Kat: "And you can smell me coming from half way down the street." Oh, Ani.
One-time punk 'rocker,' one-time 'lesbian,' one-time 'angry girl,' one-time 'artist' Ani DiFranco is back with another collection certain to prompt the question: Why?
DiFranco's talent once included inventive guitar work (her original manner of playing is no more due to injuries) and brave vocals but it never included good judgment. Had she been signed to a major label, about half her songs never would have appeared on an album. A label with executives would have refused to release those underwritten notions passed off as songs. But she was a do-it-yourself-girl.
Girl. Ani famously picked a fight with Ms. magazine over their noting her success in the do-it-yourself field. She picked a fight with Ms. over that. Not Musician magazine, which noted the same success in much greater detail. Ani was thrilled with that and worked overtime helping to edit that article on herself, so thrilled was she to make the cover. She didn't pick a fight with Rolling Stone for repeatedly noting those facts. But Ms. magazine?
Them she picks a fight with. She writes an angry, bitter letter about how they're reducing her to units sold and she's an artist, an ARTIST!!!!!!
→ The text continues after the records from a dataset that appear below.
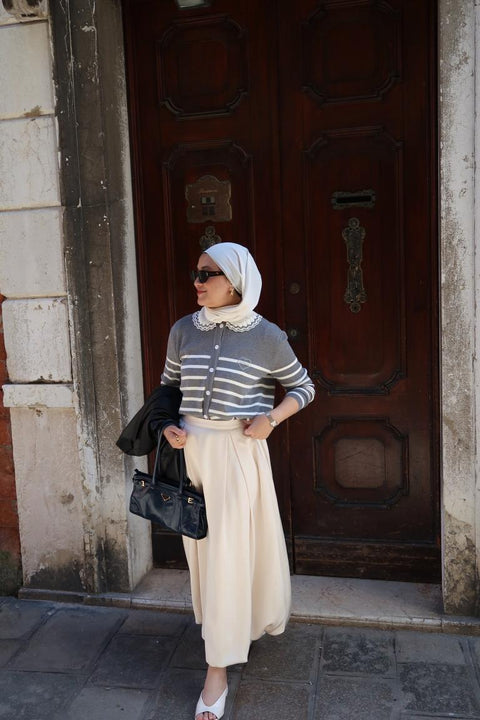 EMILIA CARDI IN DOVE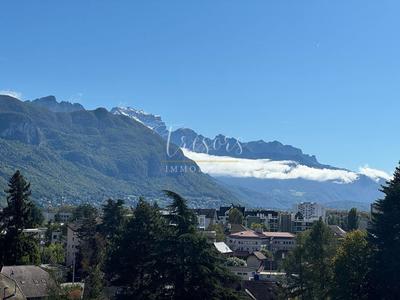 Appartement - 108 m² - 5 pièces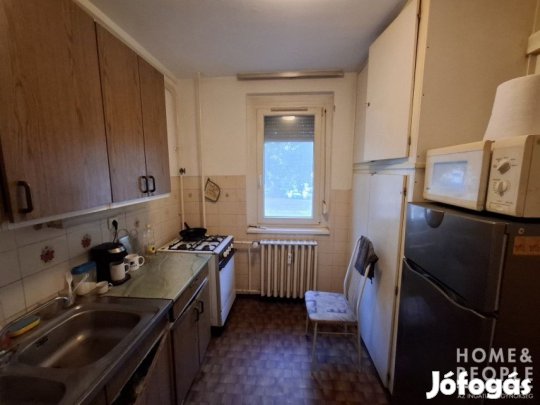 Szeged frekventált helyén lakás eladó!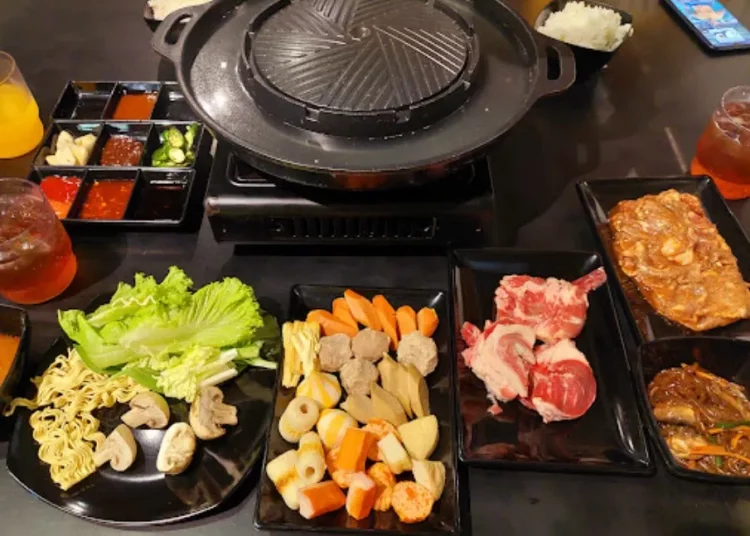Choegogi Korean BBQ, 1. Grand Puncak Sari Restaurant, 2. Batur Sari Restaurant, 3. Kaneshiro All You Can Eat, 4. Yakiniku Sama-Sama, 5. Hanamasa Bali, 6. Kaizen All You Can Eat BBQ Grill & Shabu , 7. Mentari Restoran Bali, 8. Segara Bambu, 9. Brazilian Aussie BBQ, 10. X.O Suki & Cuisine Bali, 11. Ah Yat Abalone Seafood Restaurant, 12. Magal Korean BBQ, 13. Shaburi & Kintan Buffet Bali, 14. Sakai Japanese Food, 15. Choegogi Korean BBQ, 16. Zero4 Bar & Karaoke, 17. Warung D’Carik, 18. Golden Lotus, 19. Sabeen Restaurant, 20. Roof Top Garden Lounge, 21. Pavoz Restaurant & Bar , 22. Skymax Rooftop, 23. Sofitel Nusa Dua Resort, 24. The Café (Mulia Hotel Bali), 25. Pangi Restaurant , 26. Rumah Luwih , 27. Height Bar, J4 Hotel , 28. The Kana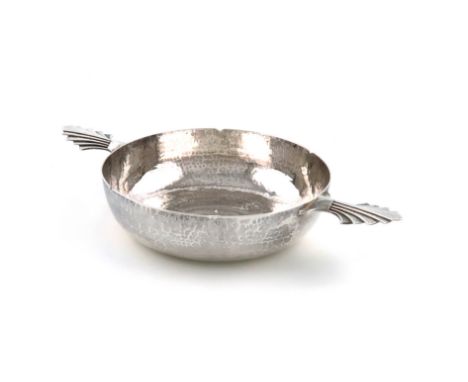 By Jesse Murphy, a silver quaich, London 1959, circular form, spot-hammered decoration, notched rim, fanned Art Deco style lu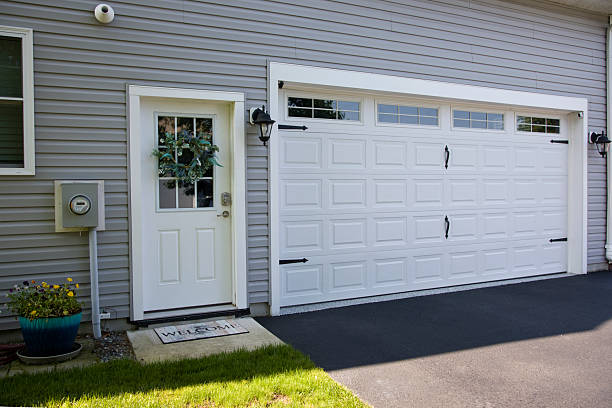 24/7 Emergency Garage Door Roller Replacement experts in Hokendauqua, PA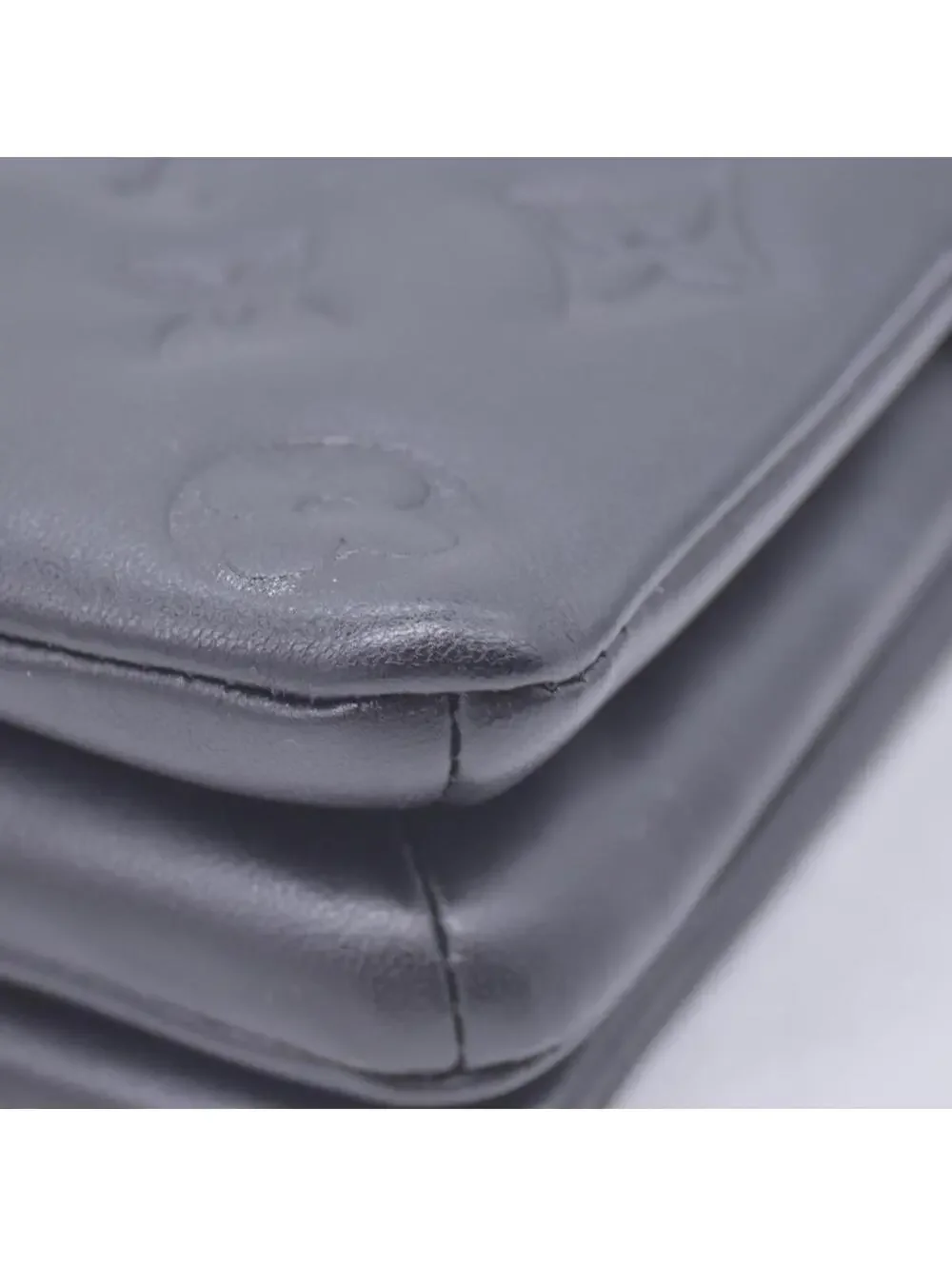 $3150 RFID Louis Vuitton Lambskin Embossed Monogram Pochette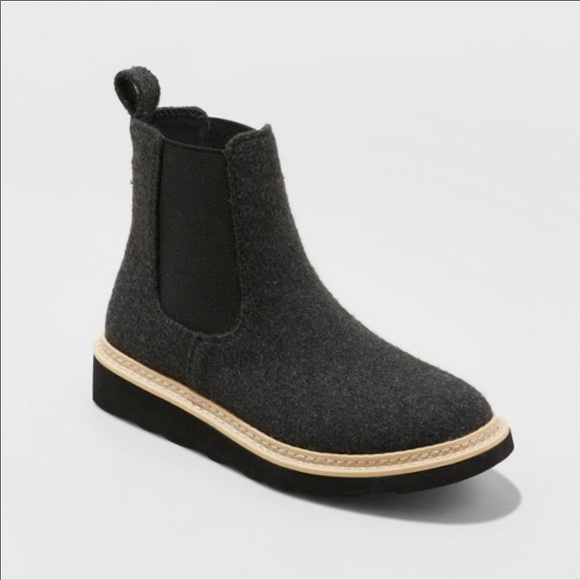 Universal Thread Shoes - 🆕Charcoal Sneaker Boot
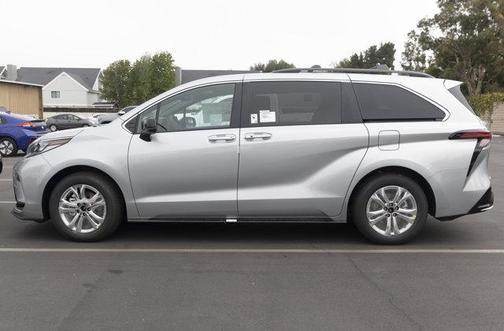 2026 Toyota Sienna XSE 7 Passenger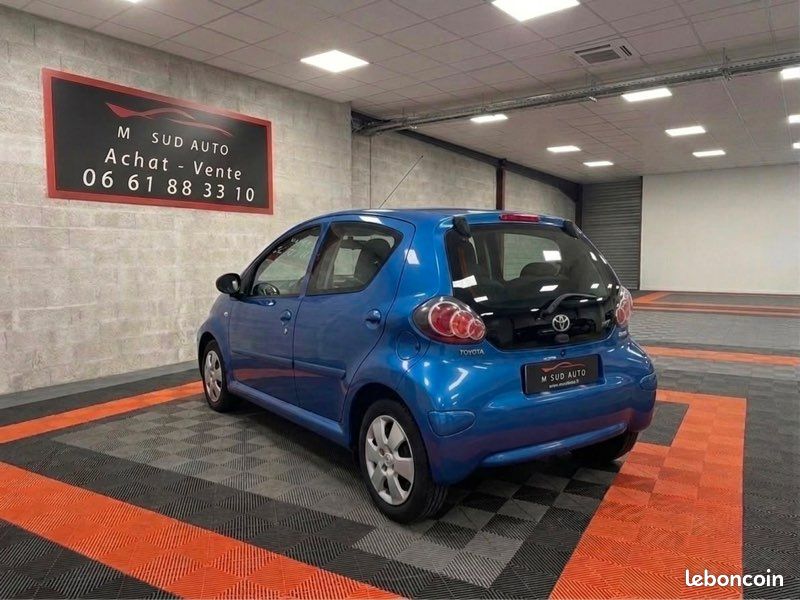 Toyota Aygo 1.0 Boite Automatique CarPlay en Option (image 4)
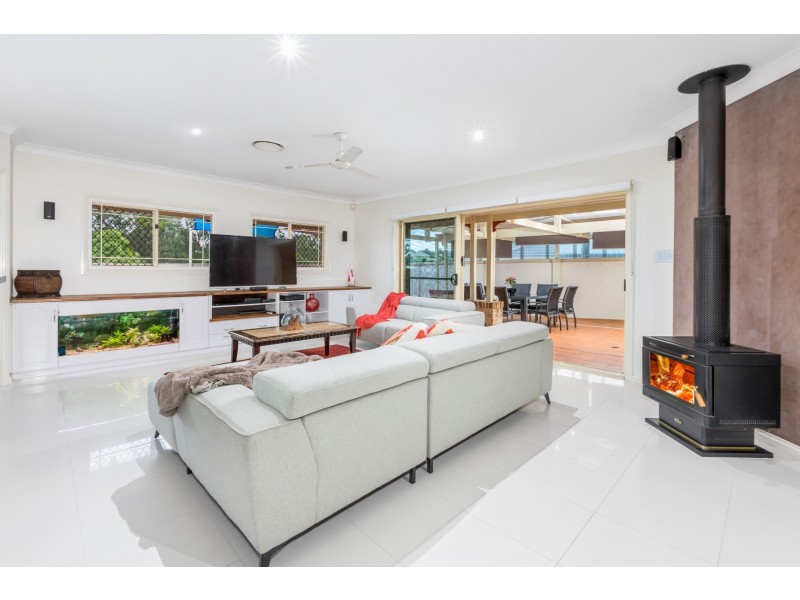 6 Somerset Close, Forest Lake QLD 4078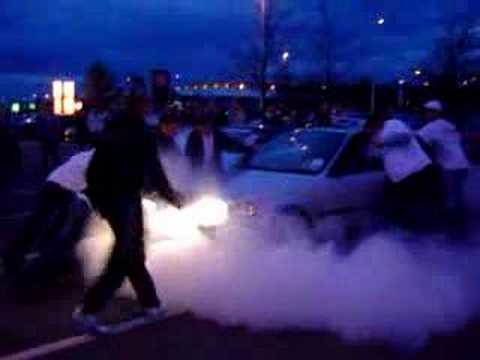 Gee Smokes It Up @ Cannock 22-04-2007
Again, she slammed no other publications for that. She knew that, if she had, the music mag coverage she needed would vanish. Again, she basically edited the entire article on herself that ran in Musician magazine (I was sleeping with an editor at the time and the whole magazine was laughing about her 'rebel' stance as she worked to create her own hagiography) and she allowed those facts on units sold into the article.
But most importantly, Ani was do-it-yourself. If she never wanted people to focus on how many units she sold, that was up to her. Only she knew the sales. It's not as if she's got platinum albums in her canon (or that she'd pay for certification). As the head and CEO of her label, if she never wanted anyone to know about sales, no one would have ever known.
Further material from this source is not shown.